• _Exercise prompt_
Within the records below is a range that opens at the line with "Diament laboratoryjny szlif" and closes at the line with "Aqua Moto Racing". Return that range word for word, both ends included, and only that range.

• _Study material_

§ §

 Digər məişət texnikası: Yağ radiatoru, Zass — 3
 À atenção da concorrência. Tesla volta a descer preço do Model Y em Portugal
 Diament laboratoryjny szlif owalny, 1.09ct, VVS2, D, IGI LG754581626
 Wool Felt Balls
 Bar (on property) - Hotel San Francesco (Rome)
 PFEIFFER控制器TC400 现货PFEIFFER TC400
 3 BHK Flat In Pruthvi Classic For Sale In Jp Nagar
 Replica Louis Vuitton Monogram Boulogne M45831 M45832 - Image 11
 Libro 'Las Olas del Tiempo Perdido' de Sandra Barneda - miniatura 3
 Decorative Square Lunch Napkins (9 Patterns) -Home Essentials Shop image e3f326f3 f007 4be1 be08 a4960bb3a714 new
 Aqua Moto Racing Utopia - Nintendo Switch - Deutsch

§ §

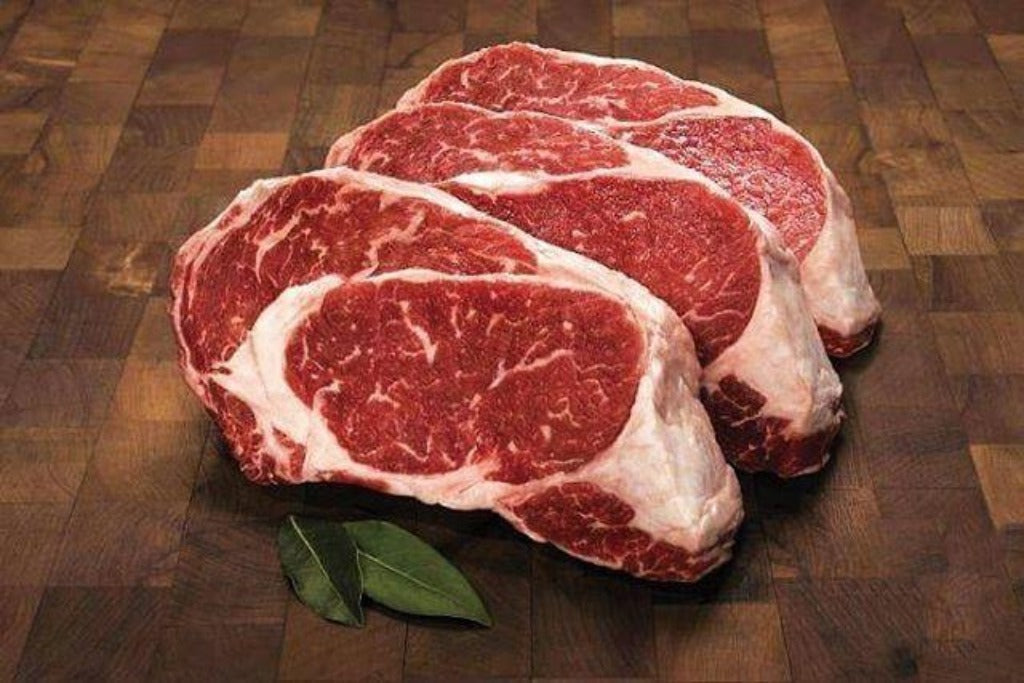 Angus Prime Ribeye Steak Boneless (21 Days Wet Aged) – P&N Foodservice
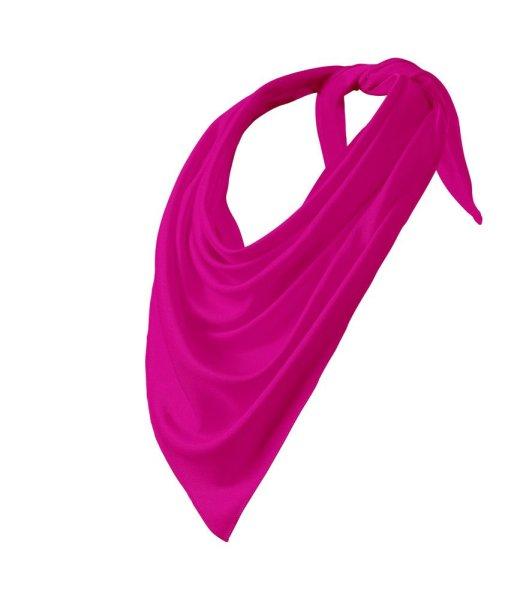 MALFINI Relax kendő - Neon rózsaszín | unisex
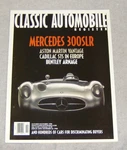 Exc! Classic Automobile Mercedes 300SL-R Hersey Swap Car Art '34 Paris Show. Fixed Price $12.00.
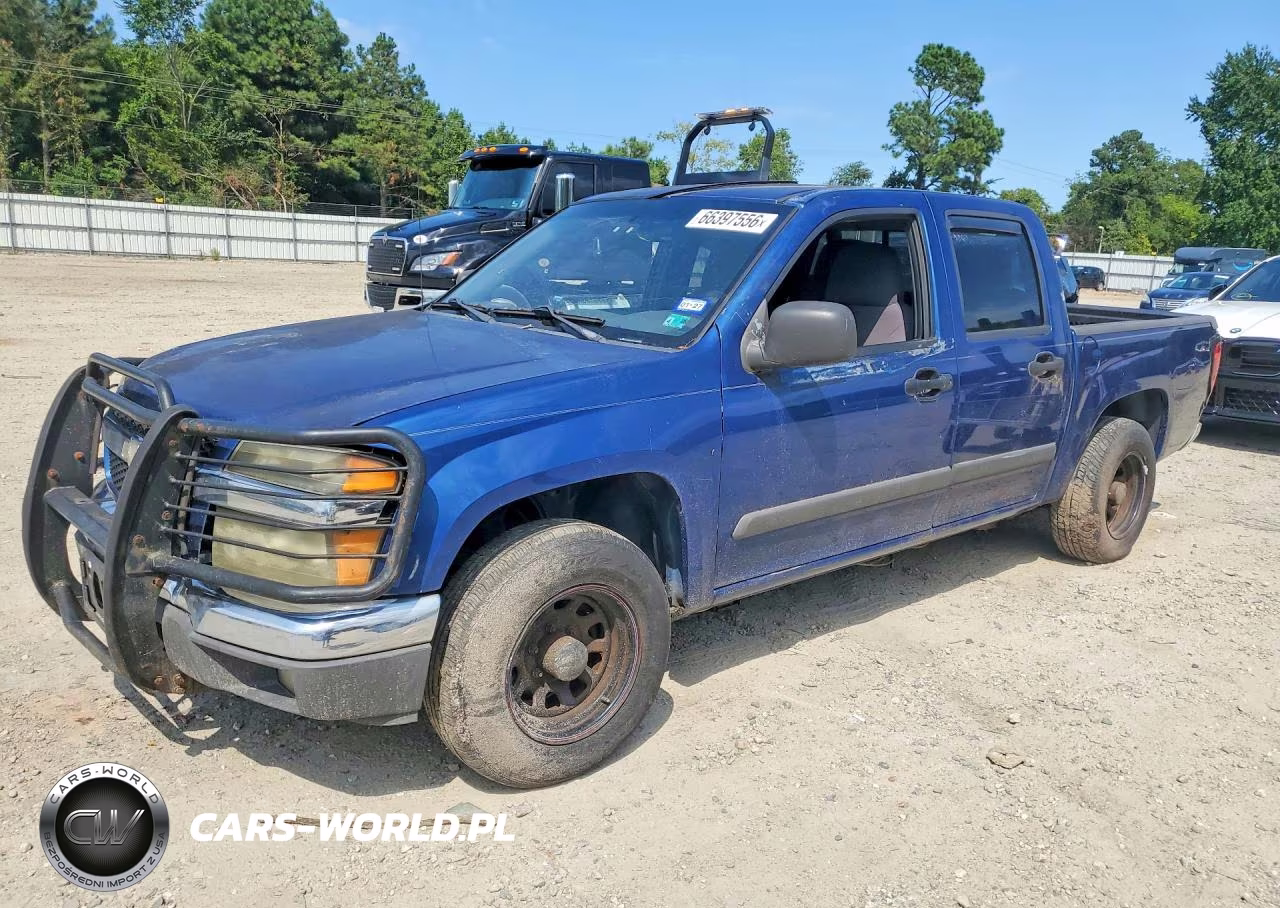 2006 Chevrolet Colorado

§ §

• _Response below_
 Diament laboratoryjny szlif owalny, 1.09ct, VVS2, D, IGI LG754581626
 Wool Felt Balls
 Bar (on property) - Hotel San Francesco (Rome)
 PFEIFFER控制器TC400 现货PFEIFFER TC400
 3 BHK Flat In Pruthvi Classic For Sale In Jp Nagar
 Replica Louis Vuitton Monogram Boulogne M45831 M45832 - Image 11
 Libro 'Las Olas del Tiempo Perdido' de Sandra Barneda - miniatura 3
 Decorative Square Lunch Napkins (9 Patterns) -Home Essentials Shop image e3f326f3 f007 4be1 be08 a4960bb3a714 new
 Aqua Moto Racing Utopia - Nintendo Switch - Deutsch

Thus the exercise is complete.